If you want to understand the odd proceedings of our political season, you might consider reading Lewis Carroll’s marvelous satire “Alice’s Adventures in Wonderland“. The Mad Hatter’s tea party neatly encapsulates our reality.
In keeping with this satirical perspective, I have a few pithy observations to offer.
- Dr. Ben Carson sounds like he has been dipping into his Valium stash.
- Donald Trump isn’t crazy. You are. Keep those polling votes coming.
- Jeb Bush seems to be more fluent in Spanish than English.
- Chris Christie is … oh fuhgeddaboudit!
- Bernie Sanders has resurrected the recipe for “Peace in Our Time.“
- Scott Walker’s campaign seems oddly about curbing the power of onions.
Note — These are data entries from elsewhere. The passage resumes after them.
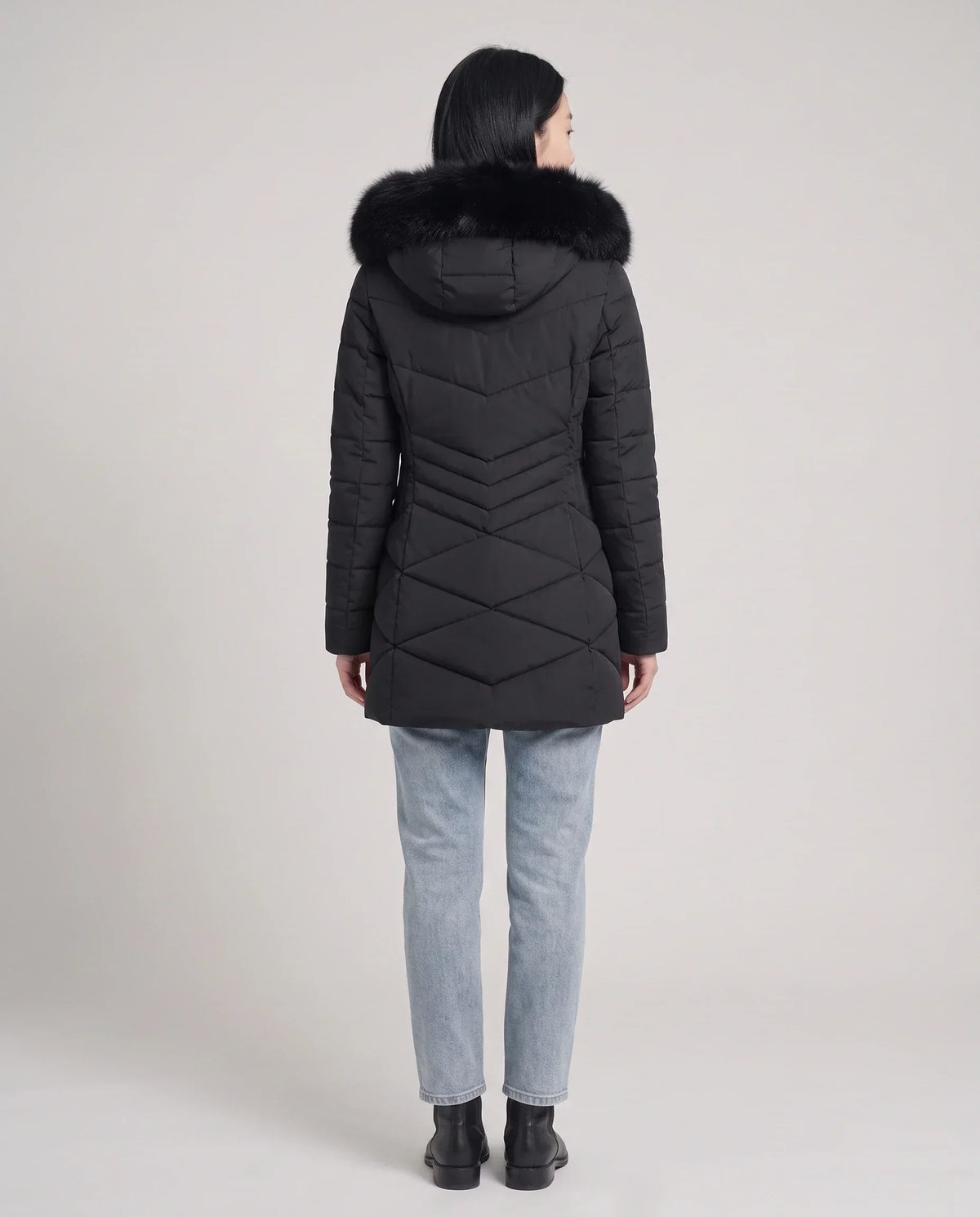 Fitted Mid-Length Parka with Faux Fur Hood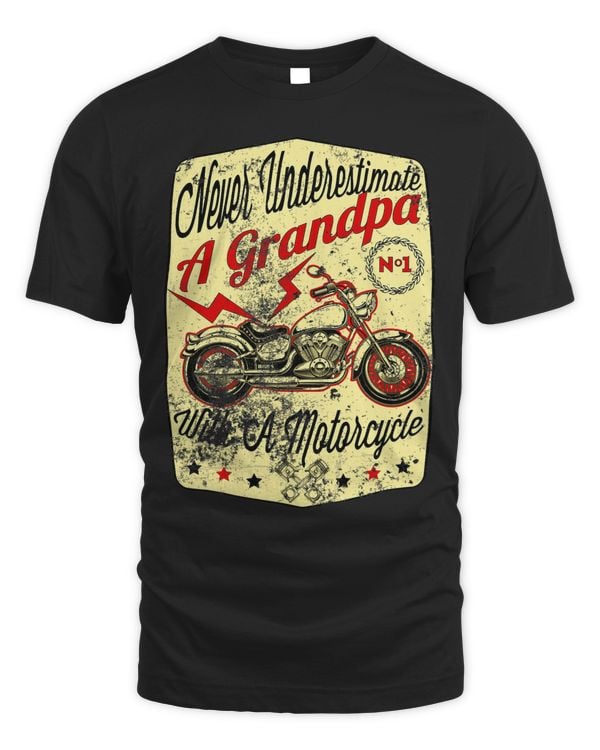 Mens Never Underestimate A Grandpa With A Motorcycle Funny Quote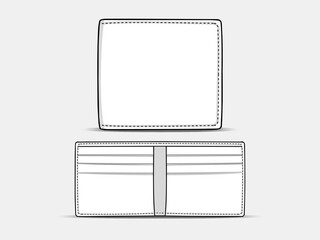 BIFOLD WALLET CARD CASE OPEN OUTLINE VECTOR COLLECTION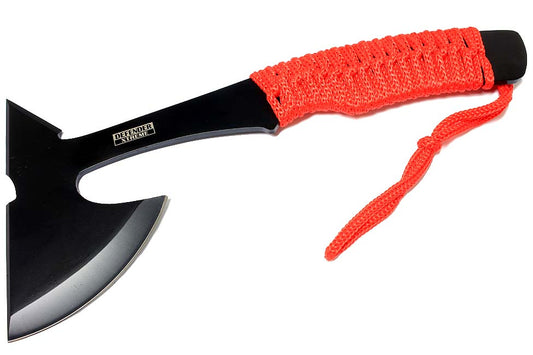 Defender-Xtreme 9" Full Tang Hunting Axe Stainless Steel Blade Red Nylon Handle with Sheath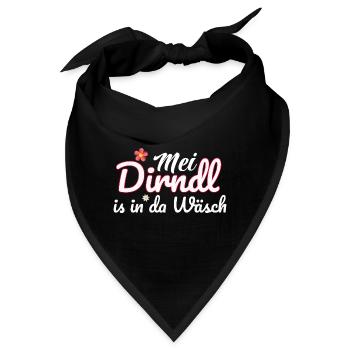 Dirndl Tracht | Mei Dirndl is in da - Bandana - Schwarz - Vorne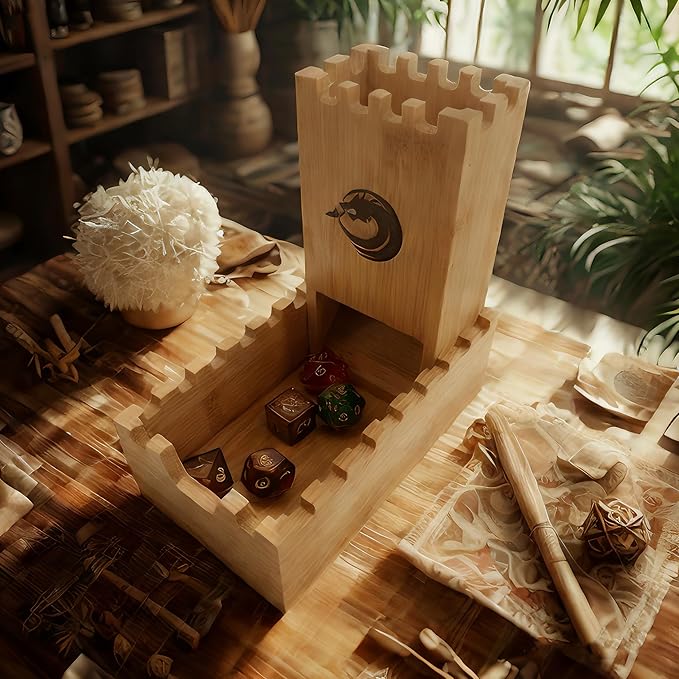 Bamboo Dice Tower DND Dice Roller, Foldable Magnetic Die Roller Castle for Dungeons and Dragons, Board Game, D&D Tabletop Game and RPG Games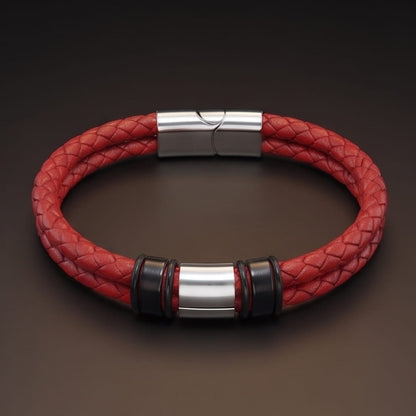 THE MEN THING Leather Bracelet CRIMSON CORE RED - 16mm Genuine Leather Bracelet with Stainless Steel Magnetic Buckle for Men & Boys (8 inch)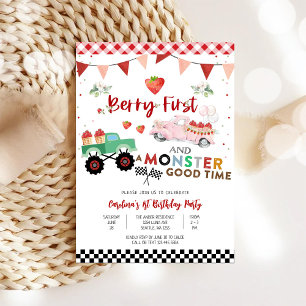 Invitación Camión Monstruo del Primer Cumpleaños de Berry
- Electing Ted Cruz has at least the benefit of getting him out of the Senate.
- Jim Gilmore is a fake candidate. There is no Jim Gilmore.
- Bobby Jindal talks so fast he should have a time handicap in the debates.
- Hillary Clinton is living proof of the massive right wing conspiracy.
- Marco Rubio looks like every aunt’s favorite nephew.
- Mike Huckabee might run under the slogan “Some Laws Don’t Matter.“
- Since height affects the vote, Carly Fiorina should have to wear flats.
- Let’s stamp out cute baby names for candidates, like Bernie and Bobby.
- These candidates prove that the only qualifications are age and citizenship.
- “All candidates, raise your hand if you believe the Bible is the literal truth.” Heh, heh…gotcha!